Anonymous Monk has asked for the wisdom of the Perl Monks concerning the following question:

Hello monks,

I am trying to convert a properties file containing some elements in unicode into utf8.

In order to make this clearer, that is an example of what i want to do:

The base file looks like this:

global.lifeTime=\u00C9lettartam global.lifeTime_from=\u00C9lettartam \u00F3ta global.lifeTime_to=\u00C9lettartam eddig fastExport.tooltip=Javaslat a lapoz\u00E1sra\: kattintson a grafik\u00 +E1ra <br /> Tartsa lenyomva a bal eg\u00E9rgombot, mik\u00F6zben az e +geret mozgatja.
What I want to get out looks like this:
global.lifeTime=Élettartam global.lifeTime_from=Élettartam óta global.lifeTime_to=Élettartam eddig fastExport.tooltip=Javaslat a lapozásra: kattintson a grafikára <br /> + Tartsa lenyomva a bal egérgombot, miközben az egeret mozgatja.

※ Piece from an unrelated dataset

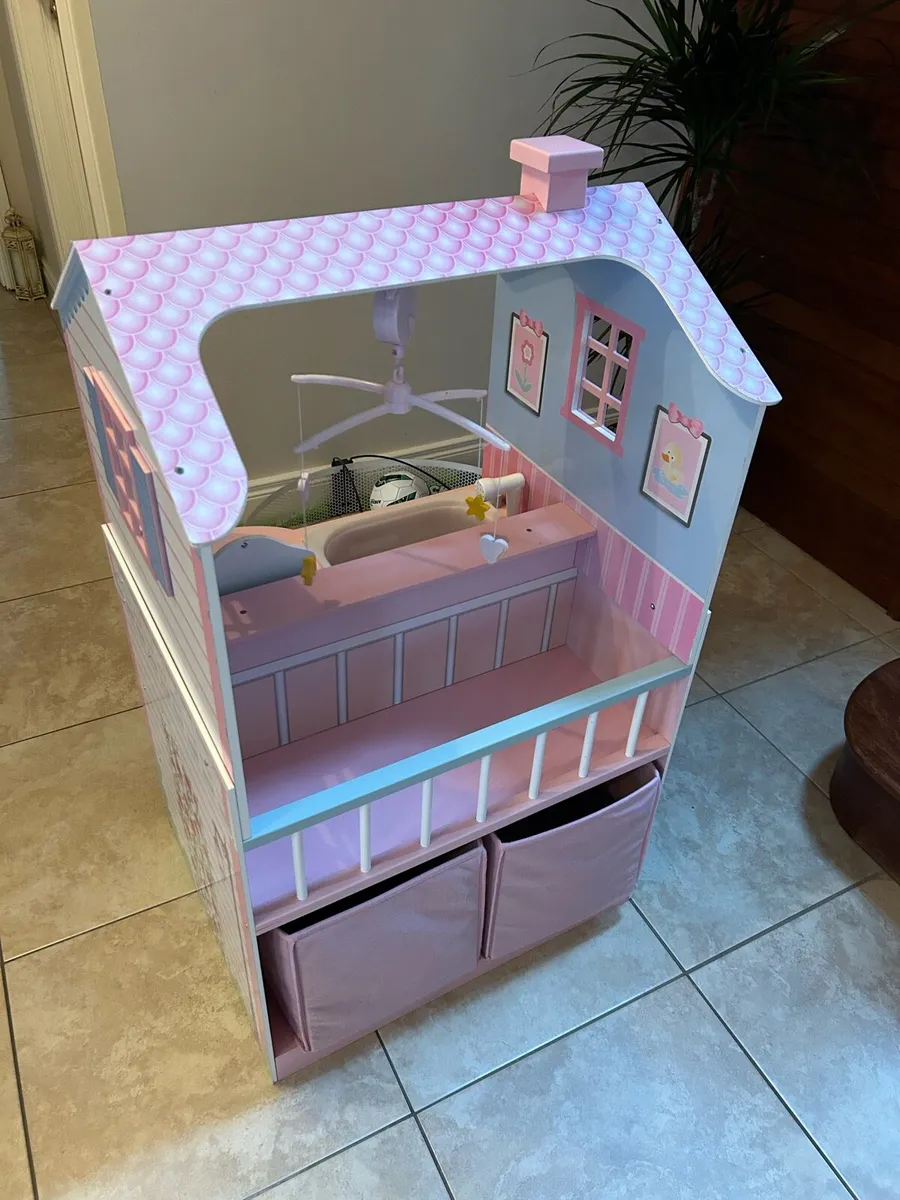 Toy kitchen and Baby doll cot/high chair/ bath set - Image 4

Can you tell me how I read the whole file (it has about 2000 lines and transforming all the lines according to the example above?

Best regards and thanks in advance

Tobias

Replies are listed 'Best First'.
Re: How to transform a string containing unicode into utf8?
by tobyink (Canon) on Oct 24, 2012 at 08:53 UTC

    Use a regular expression to grab \u followed by four hex digits, then use hex and chr to convert that to a character.

    use utf8::all; my $str = <<'EOF'; global.lifeTime=\u00C9lettartam global.lifeTime_from=\u00C9lettartam \u00F3ta global.lifeTime_to=\u00C9lettartam eddig fastExport.tooltip=Javaslat a lapoz\u00E1sra\: kattintson a grafik\u00 +E1ra <br /> Tartsa lenyomva a bal eg\u00E9rgombot, mik\u00F6zben az e +geret mozgatja. EOF $str =~ s{ \\u([0-9A-F]{4}) }{ chr hex $1 }egix; print $str;
    perl -E'sub Monkey::do{say$_,for@_,do{($monkey=[caller(0)]->[3])=~s{::}{ }and$monkey}}"Monkey say"->Monkey::do'
      Great! That works. Thanks a lot!